The Japan casino bill currently being drafted by the country’s National Diet might be losing support, as Japanese Prime Minister Shinzo Abe’s ongoing scandals continue to plummet his approval rating.
Gambling expansion already spawns mixed feelings among the general public, but lawmakers in Abe’s ruling Liberal Democratic Party (LDP) have largely been committed to his efforts to increase tourism. Now engulfed in scandal, and with his approval rating at an all-time low, reports suggest some politicians might abandon the casino bill.
Abe’s LDP lost some power during Tokyo’s Metropolitan Assembly elections earlier this month, and this week an LDP-opposition candidate won the Sendai mayoral race. Both are major defeats for the Liberal Democratic Party.
“Continued negative coverage of the Abe administration, coupled with political losses for the LDP may reduce support for the gaming agenda, which already has only limited public support,” Hong Kong-based gaming analyst Vitaly Umansky told GGRAsia.
Abe is the first prime minister to serve non-consecutive terms since the end of the US post-War occupation in 1952. He was so popular that in March the LDP changed its rules to allow him to seek a third consecutive term at the helm of the party in 2018.
In hindsight, that decision might not have been in the party’s best interest.
Abe now finds himself at the center of a corruption scandal, albeit one that would barely make the news by US standards. He’s accused of awarding a government permit for a private veterinary school, and the sale of public land at a deep discount, to two friends, in exchange for relatively minor campaign donations.
The prime minister has denied any wrongdoing, but the public apparently isn’t buying it. His latest approval rating shows support is at less than 30 percent.
Las Vegas Sands, MGM, Wynn, Caesars, Hard Rock, Melco, and Galaxy Entertainment are just a few of the companies awaiting details of the Japan casino bill. Expected to be revealed this fall, several of the gambling operators have said they’re willing to spend $10 billion on a casino resort should they like what they see in the legislation.
They might not.
With public support mixed at best on fears that casino expansion could do harm to residents prone to gambling problems, the Diet is rumored to be considering strict regulations. From enforcing a costly entrance fee on citizens (as much as $100 per visit), to prohibiting casinos from extending credit to domestic players and banning cash slot machines, the potential restrictions might make for an unfavorable business climate.

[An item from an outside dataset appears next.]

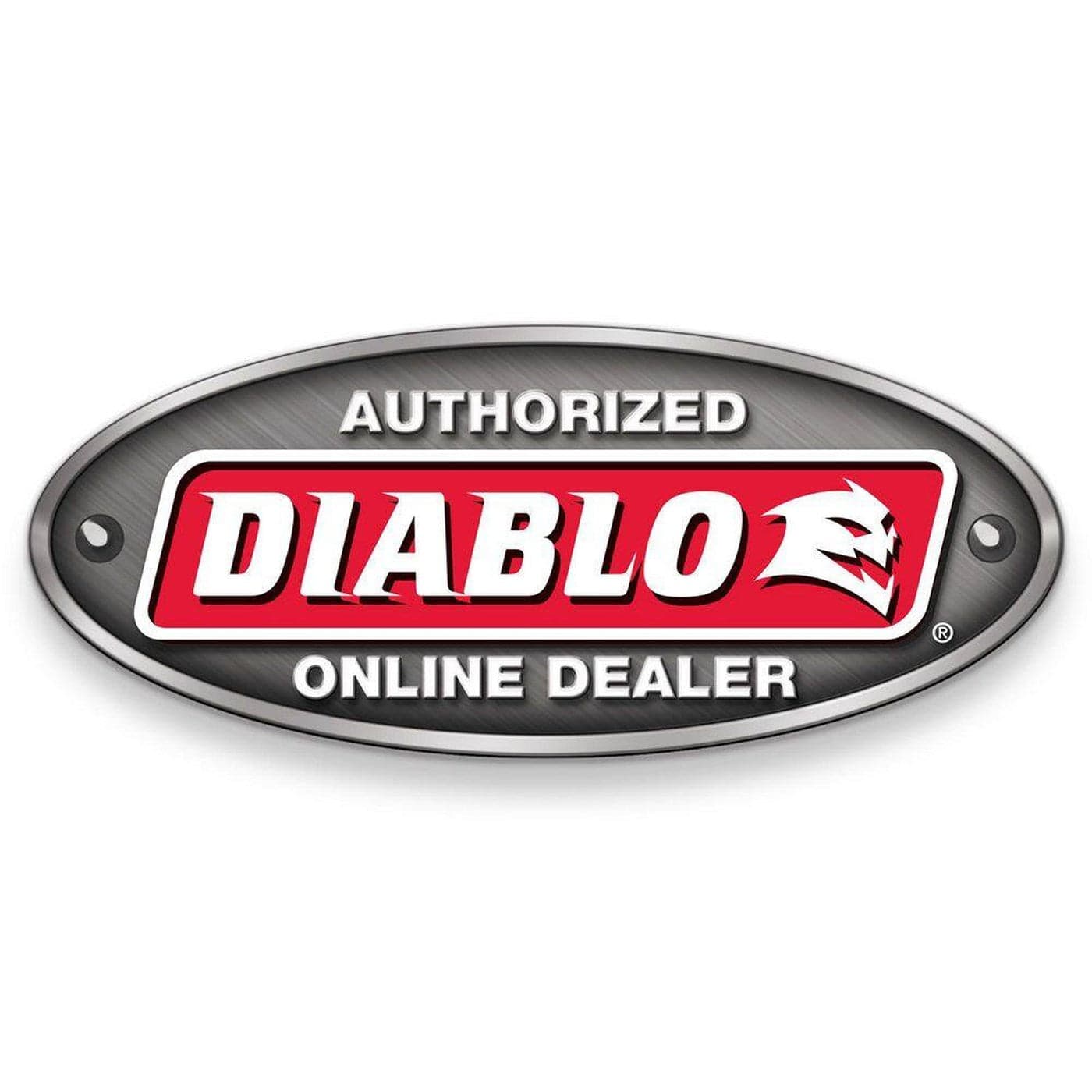 An official Diablo Authorized Online Dealer badge with a brushed metallic oval frame and the red and white Diablo logo, signifying a verified and trusted retail partner for industrial cutting tools.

A more liberalized market is thought to be capable of generating $25 billion a year in revenue. Along with the number of casinos, two being the most likely total, companies are also awaiting tax rates, upfront licensing costs, and which games will be permitted.
With few details set in stone, and now Abe’s corruption scandal losing him friends in the public and in the Diet, US gaming interests are expanding their focus towards other untapped potential markets. MGM, Caesars, and Las Vegas Sands all recently confirmed they’re eyeing Brazil.